_PROVIDED MATERIAL_:
╭──

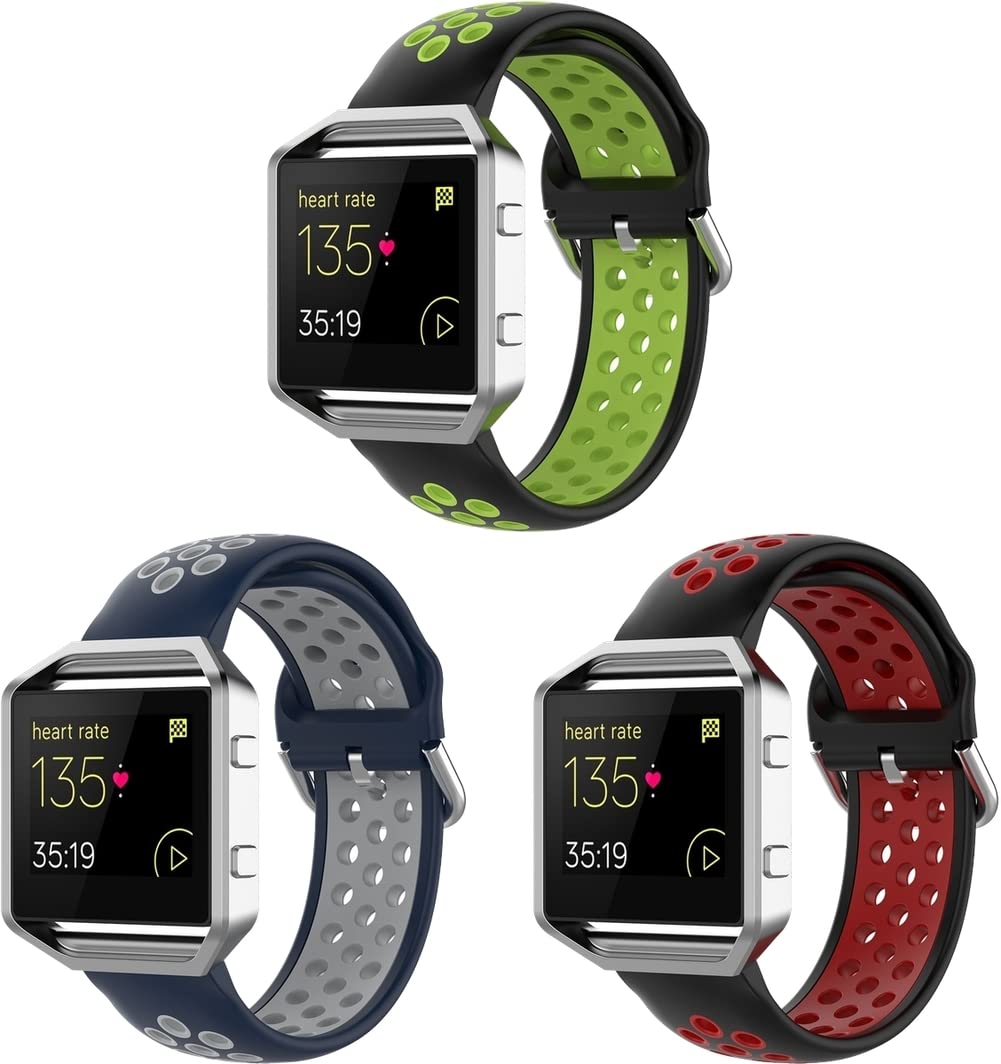 Gransho Compatible with Fitbit Blaze Strap/Fitbit Versa Watch Strap, Soft Silicone Replacement Watchband (3 Pack D)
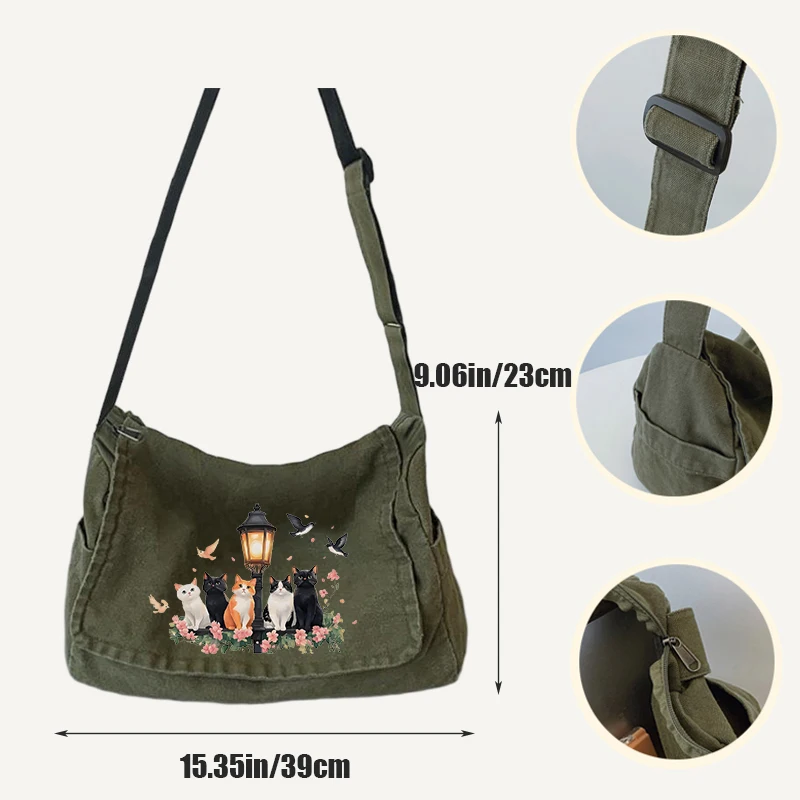 Retro Cat-printed Canvas Bag Large Capacity Women's Shoulder Bag Army Green Artistic Messenger Bag For Women Commuting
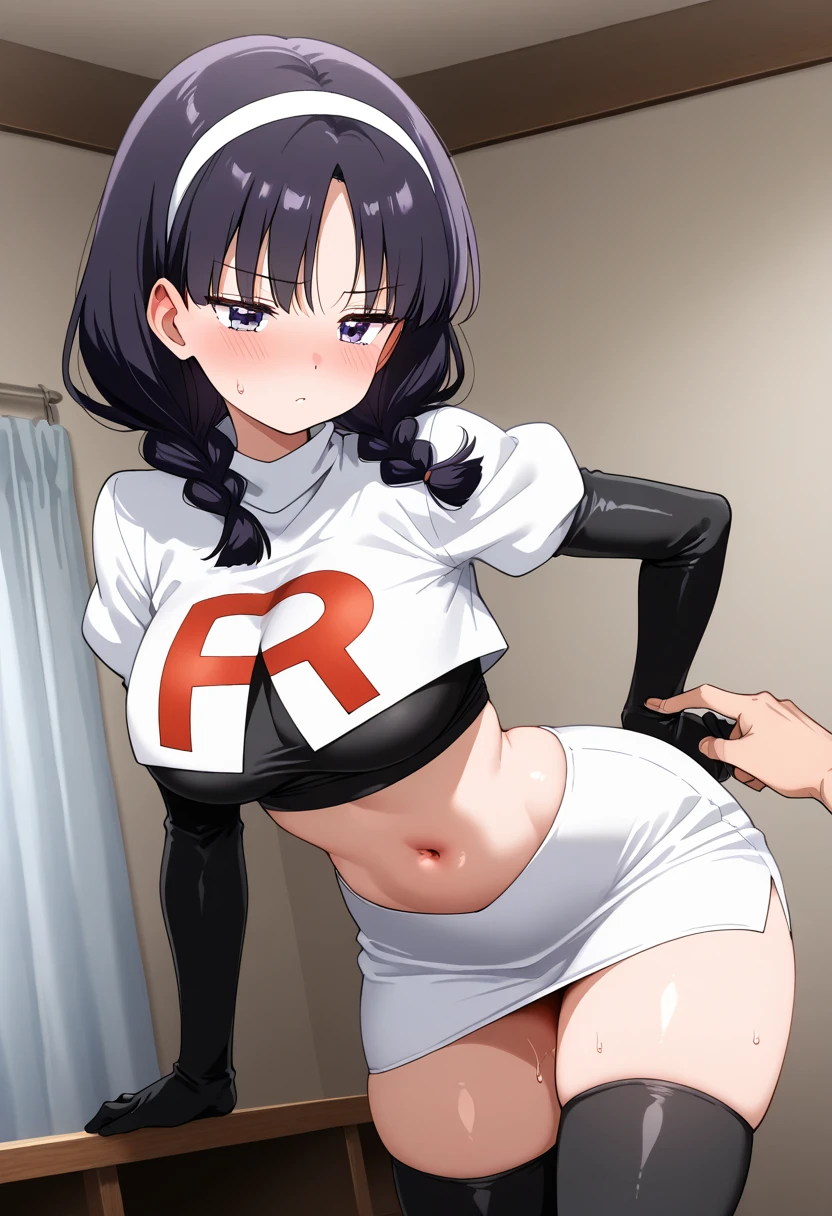 (melhor qualidade:1.3), Kyoka Jiro , peituda, clivagem, sedutora, rosto Sensual, Sensual, curvy body, bunda grande, peitos grandes,((legging pants)), ( Pov: frente ) quarto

╰──

_PROBLEM DETAILS_: The output is to be the material in full and unaltered, with pictures omitted.

_REPLY_:
 Gransho Compatible with Fitbit Blaze Strap/Fitbit Versa Watch Strap, Soft Silicone Replacement Watchband (3 Pack D)
 Retro Cat-printed Canvas Bag Large Capacity Women's Shoulder Bag Army Green Artistic Messenger Bag For Women Commuting
 (melhor qualidade:1.3), Kyoka Jiro , peituda, clivagem, sedutora, rosto Sensual, Sensual, curvy body, bunda grande, peitos grandes,((legging pants)), ( Pov: frente ) quarto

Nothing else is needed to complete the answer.